Stored dataset items:
%%
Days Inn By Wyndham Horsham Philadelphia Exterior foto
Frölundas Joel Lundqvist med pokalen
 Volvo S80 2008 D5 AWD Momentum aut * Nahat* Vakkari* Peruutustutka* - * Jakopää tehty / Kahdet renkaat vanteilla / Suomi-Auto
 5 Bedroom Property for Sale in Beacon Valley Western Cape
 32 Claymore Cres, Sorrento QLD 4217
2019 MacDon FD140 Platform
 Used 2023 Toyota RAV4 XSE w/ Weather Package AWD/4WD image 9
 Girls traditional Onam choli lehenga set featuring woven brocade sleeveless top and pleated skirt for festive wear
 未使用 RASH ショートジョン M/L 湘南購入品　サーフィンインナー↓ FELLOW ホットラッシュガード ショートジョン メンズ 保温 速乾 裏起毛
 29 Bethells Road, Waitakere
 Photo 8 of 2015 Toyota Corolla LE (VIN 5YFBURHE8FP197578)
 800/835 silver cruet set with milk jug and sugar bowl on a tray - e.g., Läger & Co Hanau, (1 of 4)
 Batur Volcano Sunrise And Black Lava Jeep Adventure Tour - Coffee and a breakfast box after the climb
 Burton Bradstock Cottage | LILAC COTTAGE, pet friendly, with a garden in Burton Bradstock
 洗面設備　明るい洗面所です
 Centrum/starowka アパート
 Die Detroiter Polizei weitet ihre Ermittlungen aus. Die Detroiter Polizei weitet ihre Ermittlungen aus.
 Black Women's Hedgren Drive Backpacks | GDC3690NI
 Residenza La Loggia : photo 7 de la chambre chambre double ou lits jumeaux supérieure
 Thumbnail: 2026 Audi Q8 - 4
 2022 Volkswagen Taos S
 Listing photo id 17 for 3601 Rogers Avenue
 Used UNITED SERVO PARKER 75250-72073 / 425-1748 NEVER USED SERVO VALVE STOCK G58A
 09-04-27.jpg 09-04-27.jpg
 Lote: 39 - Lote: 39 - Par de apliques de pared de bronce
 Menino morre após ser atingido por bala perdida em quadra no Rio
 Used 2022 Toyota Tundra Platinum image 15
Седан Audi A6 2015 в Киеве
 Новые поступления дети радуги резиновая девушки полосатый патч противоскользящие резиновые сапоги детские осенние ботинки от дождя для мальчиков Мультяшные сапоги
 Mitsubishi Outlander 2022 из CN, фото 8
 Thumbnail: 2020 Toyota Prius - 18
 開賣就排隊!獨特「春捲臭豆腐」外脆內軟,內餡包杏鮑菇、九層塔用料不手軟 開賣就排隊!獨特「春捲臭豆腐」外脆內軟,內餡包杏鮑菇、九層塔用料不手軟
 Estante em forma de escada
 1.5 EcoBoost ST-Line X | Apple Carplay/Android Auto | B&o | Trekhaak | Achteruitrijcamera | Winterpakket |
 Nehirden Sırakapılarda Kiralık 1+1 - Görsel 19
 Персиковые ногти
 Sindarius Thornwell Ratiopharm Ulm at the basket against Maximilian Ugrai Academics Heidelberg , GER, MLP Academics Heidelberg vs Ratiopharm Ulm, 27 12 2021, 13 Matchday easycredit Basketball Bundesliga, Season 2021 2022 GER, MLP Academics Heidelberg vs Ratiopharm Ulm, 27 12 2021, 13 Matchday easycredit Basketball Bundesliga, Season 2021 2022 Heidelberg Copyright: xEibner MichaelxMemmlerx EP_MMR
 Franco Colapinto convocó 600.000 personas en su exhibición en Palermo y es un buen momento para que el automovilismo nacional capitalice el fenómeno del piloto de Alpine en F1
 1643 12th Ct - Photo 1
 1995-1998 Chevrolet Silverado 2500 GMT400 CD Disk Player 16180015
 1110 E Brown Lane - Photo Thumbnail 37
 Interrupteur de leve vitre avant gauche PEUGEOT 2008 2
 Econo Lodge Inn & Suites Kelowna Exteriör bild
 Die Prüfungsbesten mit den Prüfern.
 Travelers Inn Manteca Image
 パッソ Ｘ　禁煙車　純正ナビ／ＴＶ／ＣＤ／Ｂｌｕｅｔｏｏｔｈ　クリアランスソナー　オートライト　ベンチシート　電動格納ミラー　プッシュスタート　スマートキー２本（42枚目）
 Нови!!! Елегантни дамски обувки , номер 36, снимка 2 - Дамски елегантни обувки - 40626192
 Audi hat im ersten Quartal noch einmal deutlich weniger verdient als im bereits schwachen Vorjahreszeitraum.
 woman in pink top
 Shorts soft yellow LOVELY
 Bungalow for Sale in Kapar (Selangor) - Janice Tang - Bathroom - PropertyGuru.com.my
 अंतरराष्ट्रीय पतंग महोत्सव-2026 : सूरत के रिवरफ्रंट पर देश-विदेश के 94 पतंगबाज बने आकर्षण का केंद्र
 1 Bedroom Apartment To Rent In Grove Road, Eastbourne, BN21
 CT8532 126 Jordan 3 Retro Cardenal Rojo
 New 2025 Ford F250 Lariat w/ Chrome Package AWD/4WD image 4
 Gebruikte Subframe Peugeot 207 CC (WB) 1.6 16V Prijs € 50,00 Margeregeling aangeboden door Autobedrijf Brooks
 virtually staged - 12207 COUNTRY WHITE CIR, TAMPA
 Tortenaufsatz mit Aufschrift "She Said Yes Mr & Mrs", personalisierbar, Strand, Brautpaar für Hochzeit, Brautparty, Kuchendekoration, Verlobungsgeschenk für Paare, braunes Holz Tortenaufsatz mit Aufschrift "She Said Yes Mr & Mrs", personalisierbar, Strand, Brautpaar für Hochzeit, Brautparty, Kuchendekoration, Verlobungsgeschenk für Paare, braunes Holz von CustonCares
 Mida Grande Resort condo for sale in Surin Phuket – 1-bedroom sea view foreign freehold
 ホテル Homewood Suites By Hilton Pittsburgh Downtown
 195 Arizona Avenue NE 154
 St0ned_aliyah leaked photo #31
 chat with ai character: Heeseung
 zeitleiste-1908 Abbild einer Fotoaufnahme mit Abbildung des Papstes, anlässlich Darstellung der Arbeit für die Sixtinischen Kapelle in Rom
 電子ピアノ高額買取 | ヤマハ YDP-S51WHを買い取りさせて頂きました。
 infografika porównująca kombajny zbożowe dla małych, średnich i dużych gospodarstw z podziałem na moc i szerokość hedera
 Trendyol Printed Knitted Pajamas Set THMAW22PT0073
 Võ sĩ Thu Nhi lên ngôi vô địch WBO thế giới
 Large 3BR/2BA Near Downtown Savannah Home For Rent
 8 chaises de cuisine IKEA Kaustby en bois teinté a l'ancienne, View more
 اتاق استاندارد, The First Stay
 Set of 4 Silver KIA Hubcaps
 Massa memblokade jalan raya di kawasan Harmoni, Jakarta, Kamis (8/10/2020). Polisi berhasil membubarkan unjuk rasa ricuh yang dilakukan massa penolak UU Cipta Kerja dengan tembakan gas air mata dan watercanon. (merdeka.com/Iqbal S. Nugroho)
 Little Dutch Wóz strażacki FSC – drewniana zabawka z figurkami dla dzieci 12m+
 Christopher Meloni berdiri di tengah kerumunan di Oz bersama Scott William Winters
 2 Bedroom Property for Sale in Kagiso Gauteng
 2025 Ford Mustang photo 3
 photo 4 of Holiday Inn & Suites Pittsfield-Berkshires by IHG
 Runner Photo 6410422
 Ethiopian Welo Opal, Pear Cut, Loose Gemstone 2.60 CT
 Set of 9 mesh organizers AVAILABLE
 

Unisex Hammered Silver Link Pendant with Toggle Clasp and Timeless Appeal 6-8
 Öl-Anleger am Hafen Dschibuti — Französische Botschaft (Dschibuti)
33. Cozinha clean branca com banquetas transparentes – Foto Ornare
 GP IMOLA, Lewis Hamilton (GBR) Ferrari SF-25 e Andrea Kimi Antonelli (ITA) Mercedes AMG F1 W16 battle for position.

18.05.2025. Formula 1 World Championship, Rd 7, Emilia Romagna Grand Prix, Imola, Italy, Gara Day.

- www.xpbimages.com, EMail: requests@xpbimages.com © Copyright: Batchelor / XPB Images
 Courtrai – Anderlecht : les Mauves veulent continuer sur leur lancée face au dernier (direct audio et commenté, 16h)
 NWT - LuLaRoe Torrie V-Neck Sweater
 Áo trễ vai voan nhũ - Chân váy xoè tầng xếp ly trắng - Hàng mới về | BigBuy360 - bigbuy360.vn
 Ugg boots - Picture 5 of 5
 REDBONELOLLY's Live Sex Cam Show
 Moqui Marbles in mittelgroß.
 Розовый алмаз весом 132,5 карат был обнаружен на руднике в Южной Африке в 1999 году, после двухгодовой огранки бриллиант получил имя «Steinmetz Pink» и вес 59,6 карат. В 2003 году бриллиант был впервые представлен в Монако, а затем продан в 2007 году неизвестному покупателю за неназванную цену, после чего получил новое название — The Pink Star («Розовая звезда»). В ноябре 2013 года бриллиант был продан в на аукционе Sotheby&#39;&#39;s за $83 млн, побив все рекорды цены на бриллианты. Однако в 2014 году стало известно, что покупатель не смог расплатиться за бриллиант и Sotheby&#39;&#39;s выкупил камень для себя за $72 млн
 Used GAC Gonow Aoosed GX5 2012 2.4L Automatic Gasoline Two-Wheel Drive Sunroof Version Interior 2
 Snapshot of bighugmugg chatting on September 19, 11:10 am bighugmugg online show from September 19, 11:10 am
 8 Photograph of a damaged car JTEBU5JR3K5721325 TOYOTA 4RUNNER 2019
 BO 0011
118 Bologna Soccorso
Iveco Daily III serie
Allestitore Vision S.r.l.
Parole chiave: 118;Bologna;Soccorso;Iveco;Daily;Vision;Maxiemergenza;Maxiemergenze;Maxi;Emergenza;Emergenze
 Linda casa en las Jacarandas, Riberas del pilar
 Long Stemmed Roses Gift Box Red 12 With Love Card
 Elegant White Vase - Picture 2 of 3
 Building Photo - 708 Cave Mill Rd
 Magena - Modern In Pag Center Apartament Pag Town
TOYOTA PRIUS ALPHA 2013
%%
→ **Your objective**:
Each line above with the string "Road" in it should be located and copied.

→ **Your response**:
 29 Bethells Road, Waitakere
 1 Bedroom Apartment To Rent In Grove Road, Eastbourne, BN21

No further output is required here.